Jumat, 16 Juni 2006

Food Pics from Italy - Wild Boar, Rabbit Meat, and Other Curious Fares

On the flight to Milan I was fortunate to be seated beside an intensely talkative Italian-Canadian guy named Francesco (yes I do mean fortunate, you cynics!). So it displaced several hours of uncomfortable sleep with nine straight hours of talk, but I didn't mind as I learned much about the Italian national passion for food and football from a great guy who loved both.

According to Francesco he was quite a footballer in his day (even trying out for a couple of Serie A teams in his early 20's), but mostly he left me the impression as a genuine lover of food, an attribute clearly verifiable from his waistline. We traded favorite food recipes and recommendations about exotic items in the traditional gourmet of our home countries. Well worthwhile for myself at least, as I took his advice to find wild boar and rabbit meat during my trip. I'm not sure though if he intended to take my advice to try chicken feet and snake soup on his next visit to Toronto's Chinatown.



So one night after work, I spent a good 45 minutes scouring the streets of downtown Florence for a restaurant menu that presented wild boar (cinghiale). It turned out that wild boar meat was not as easy to find as Francesco said; many restaurants served dishes with wild boar sauce but few served the meat itself. At the end I concluded the search successfully at a little ristorante called Semidivino, a few blocks west of the Duomo.



This is Cinghiale alla Maremmana (Wild Boar of Maremma), which was wild boar meat stewed with olives and tomato puree. I thought the meat actually tasted more like red meat than pork, with a strong game flavor, and the meat fibres were very thick. The meat was very well stewed to take out the toughness of the meat -- that must have taken a whole day of stewing.



My wife wasn't very surprised when I told her on the phone about having wild boar -- for her it would be a real surprise if my food stories fail to surprise. But telling her about having rabbit on my dinner plate was a different thing. I guess you're less lovable when you're 200 kg and grunts and have two giant canines sticking out of your snout, but if you're cuddly and furry and soft, women just can't help falling for you.

Anyway, rabbit meat was much easier to find. Probably one in four restaurants I visited in Florence served rabbit.

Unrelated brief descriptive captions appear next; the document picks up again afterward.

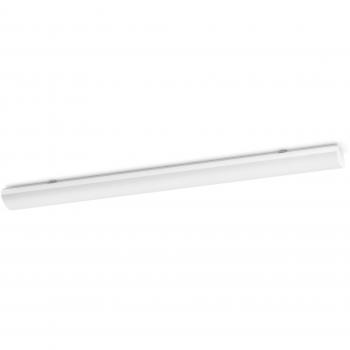 Philips Softline - Lámpara lineal LED, luz blanca neutra fría (4000K), color blanco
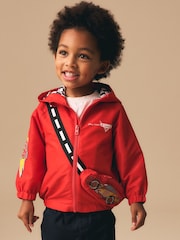 Red Cars - Bag Pocket Cagoule Jacket (3mths-7yrs) - تصویر 3 از 9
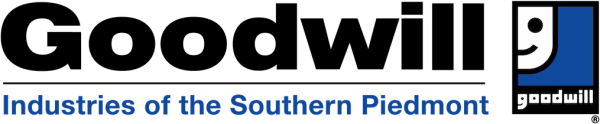 Goodwill Industries of the Southern Piedmont logo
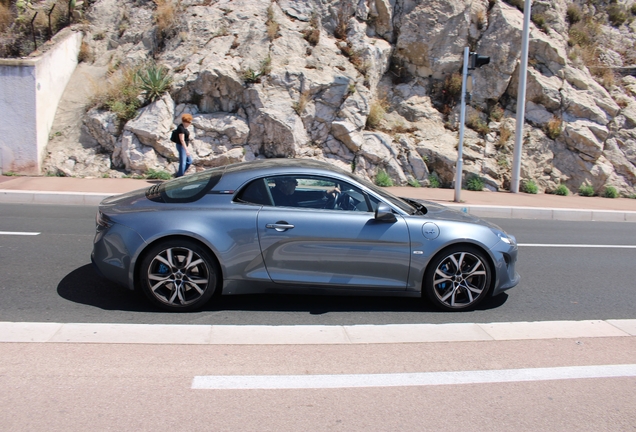 Alpine A110 2022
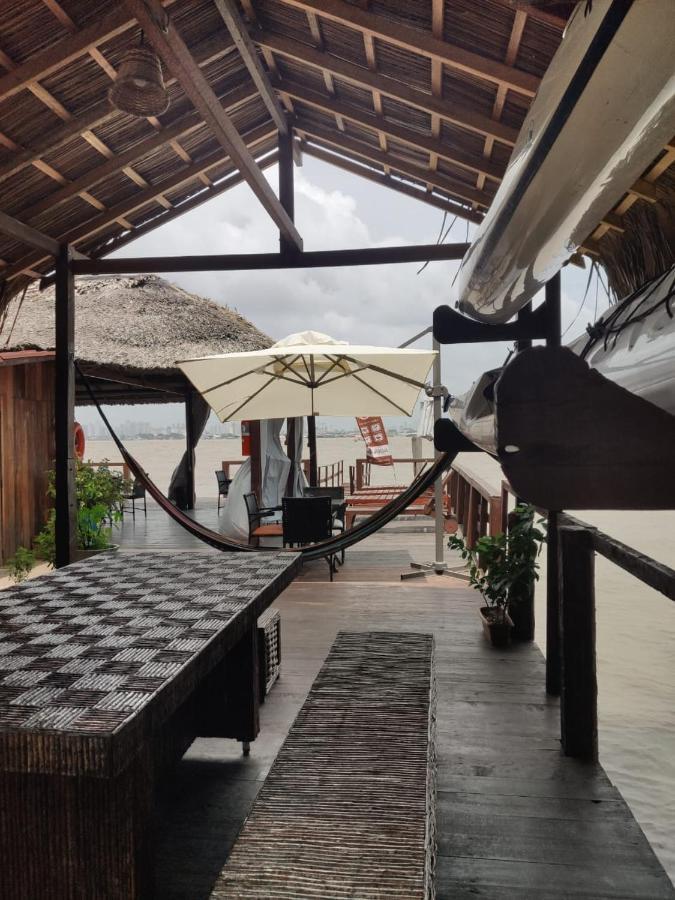Olaria River Hostel 벨렘 외부 사진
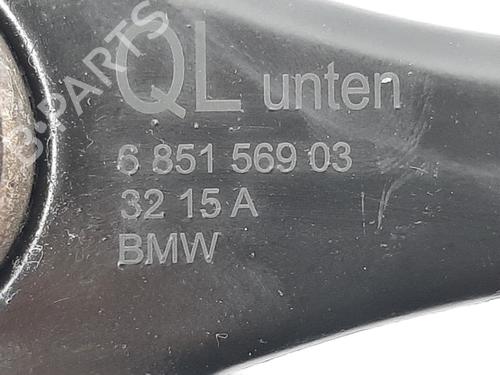 Left rear suspension arm BMW 2 Active Tourer (F45) 216 d | BP19751691M14 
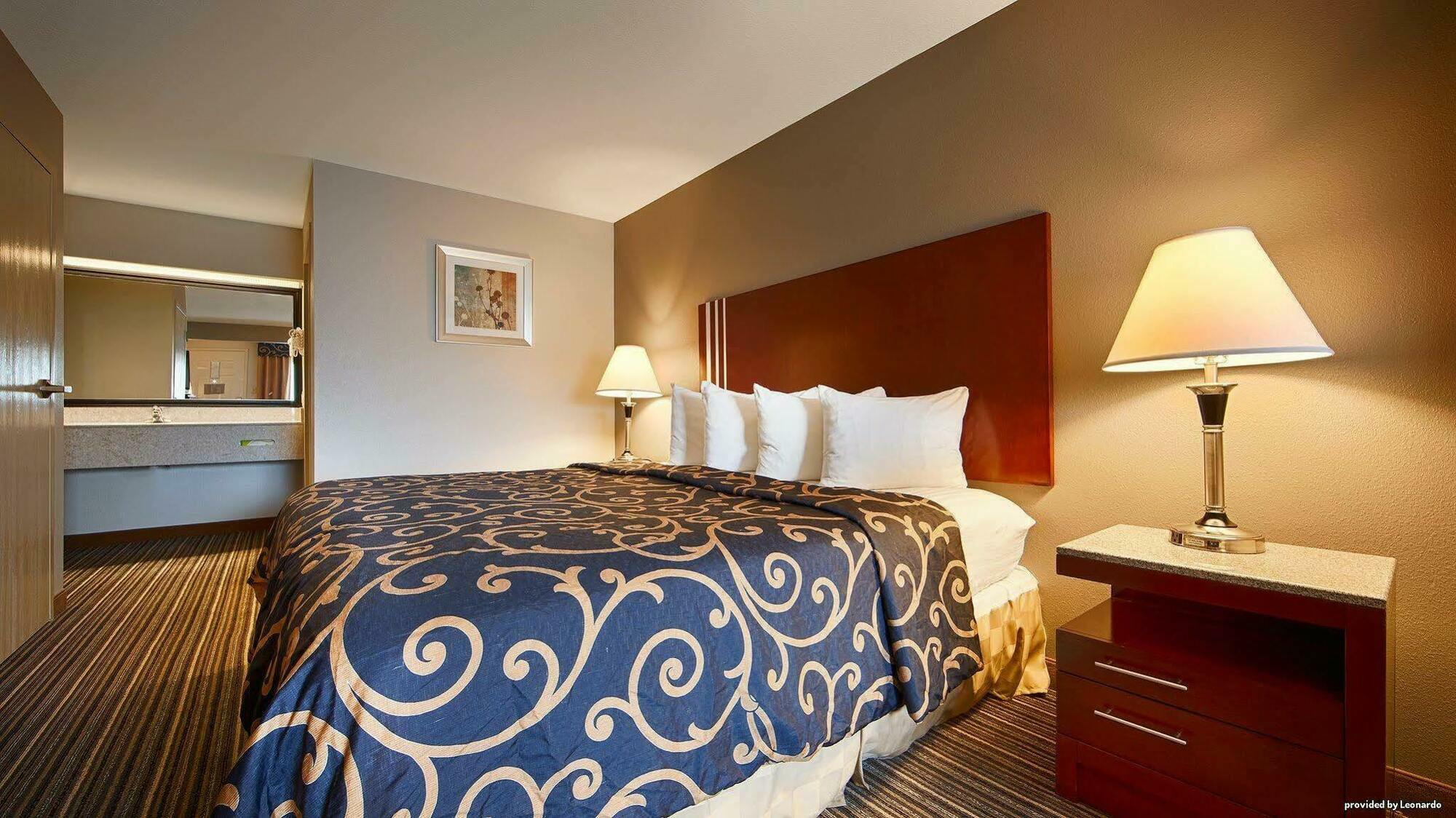 Quality Inn Airport I-240 Мемфис Екстериор снимка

I ended up having a very enjoyable dish of rabbit meat medallions at the restaurant inside Novotel Firenze Nord Aeroporto where I stayed.



Medaglioni di Coniglio. It was a thick slice of a roasted rabbit skin pouch stuffed with rabbit meat and eggs (chicken eggs, not rabbit eggs!). The rabbit was a soft, fine textured white meat and was very succulent. Wonderful dish from an otherwise nondescript hotel.



What's this you ask? Not quite a main course, but certainly worthy of mention in the context of Fiorentine cuisine. This is a sandwich filled with Trippa (beef tripes) served at the famous Nerbone at Florence's central market. I specifically came here for the Trippa since I'm a fan of beef tripes at Chinese Dim Sum places. This turned out to be entirely small intestines, a little too fatty for my taste.



Nerbone at the Mercato Centrale in Firenze, an old plebeian establishment at a corner of the market. They also serve pork sandwiches for those who may be uncomfortable with chomping down cow intestines.